By PAUL YANDALL
Skiers had to jump for cover when an avalanche swept through at the Craigieburn Valley Ski Area in Canterbury yesterday.
Jahl Marshall and Andrew Kennedy, saw the avalanche as it was heading straight towards them.
"Then, all of a sudden everyone was jumping for cover. We had to leap to make sure it didn't take us out," Mr Marshall said.
The pair considered themselves fortunate they were not on the slope when the avalanche struck. Others were not so lucky.
"We'd just ridden down the face a couple of times. But one guy we saw got dragged about 200m," said Mr Kennedy.
North and South Island skifields are on alert after large snow dumps and fine weather prompted the Mountain Safety Council to issue an extreme avalanche hazard warning as the conditions created unstable snow drifts.

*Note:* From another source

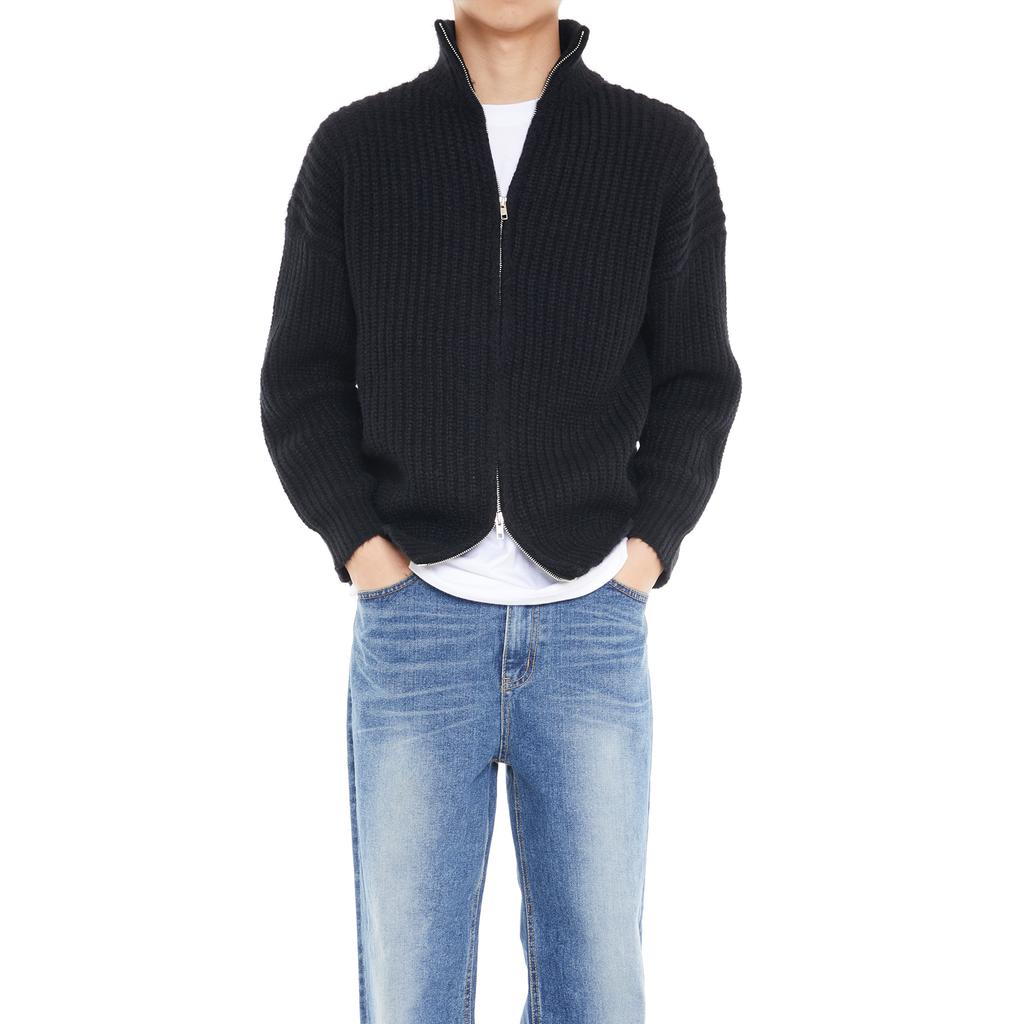 GRAPH PLATFORM Two-Way Knit Zip-Up Black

Two skiers triggered the large slide at Craigieburn just after noon.
The 50m-wide slide plunged about 150m, finishing up at the bottom of the first tow rope.
"We were up there blasting [for avalanche control] just two hours before," said the skifield's manager Nick Jarman.
The 1.5m-deep avalanche was a grade 2 on the avalanche scale of danger, where 5 is the worst.
Police and rescue teams began a search for missing skiers, but all 68 people on the field were accounted for.
Mr Jarman said all the skifields in the area had received large snowfalls over the past week and up to 150cm of new snow in the past two days.
Mt Ruapehu has enjoyed similar conditions, recording more than a metre of new snow since the weekend.
It is the largest dump of snow in the smallest period of time on the mountain in 15 years.
Mountain Safety Council spokesman Steve Schreiber warned skiers to stay out of back country runs while conditions remained volatile.
"Stay in the ski areas where there is an active professional control programme," he said.
The alert would continue while conditions remained unstable.
Mark Street, spokesman for Ruapehu Alpine Lifts, which operates the Whakapapa and Turoa skifields on Mt Ruapehu, said staff had been blasting the field regularly to minimise avalanche danger.